All Alice wants is to make it to retirement. Her boss has other ideas.
As Alice’s team celebrates significant victories in bringing workplace discriminators to justice, their federal investigative unit is served a one-two punch. The head of the agency, angry that Alice plunged the EEOC into a brutal House subcommittee hearing, suspends her indefinitely without pay and closes the office, sending the staff to the four winds.
Alice begins a self-spiral of regret and recriminations: her reputation in tatters—her self-esteem at an all-time low. Paralyzed, she watches as her coworkers struggle to pull themselves out of the pit of Alice’s making and forge a path to redemption and self-fulfillment.

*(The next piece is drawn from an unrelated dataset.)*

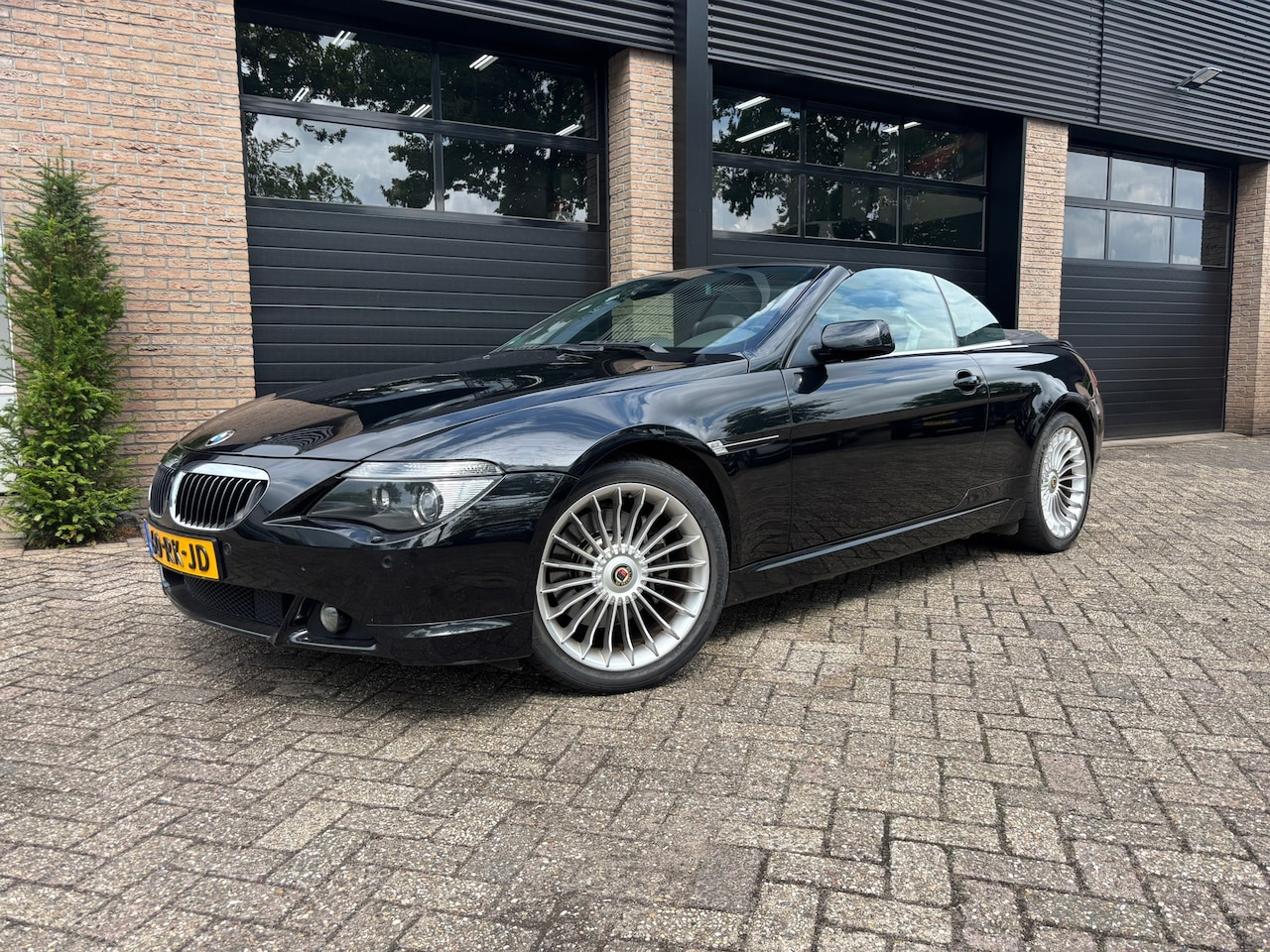 BMW 6-serie Cabrio - 645Ci S 645Ci S - AutoWereld.nl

Will Alice manage to exact the revenge she needs to begin to live again?
An award-winning author, Marie W. Watts, is living her dream of being a writer. Her novel, Tough Trail Home, has received acclaim as a winner of the 2024 PenCraft Seasonal Book Award Summer Competition for Fiction - Women’s Genre; Winner in the 2024 Storytrade Book Awards “Regional Fiction ‐ USA Southwest” category; 2024 Speak Up Talk Radio International Firebird Book Award Winner, and The Outstanding Creator Award for Best Fiction Book of Summer 2024 (2nd place).
Her novel has garnered reviews such as “inspiring,” “fantastic read,” “beautiful scenery, heart, and hope,” and “a wonderful story about resilience and resourcefulness.”
She and her husband live on a ranch in central Texas. In her spare time, she supports a historic house and hangs out with her grandsons.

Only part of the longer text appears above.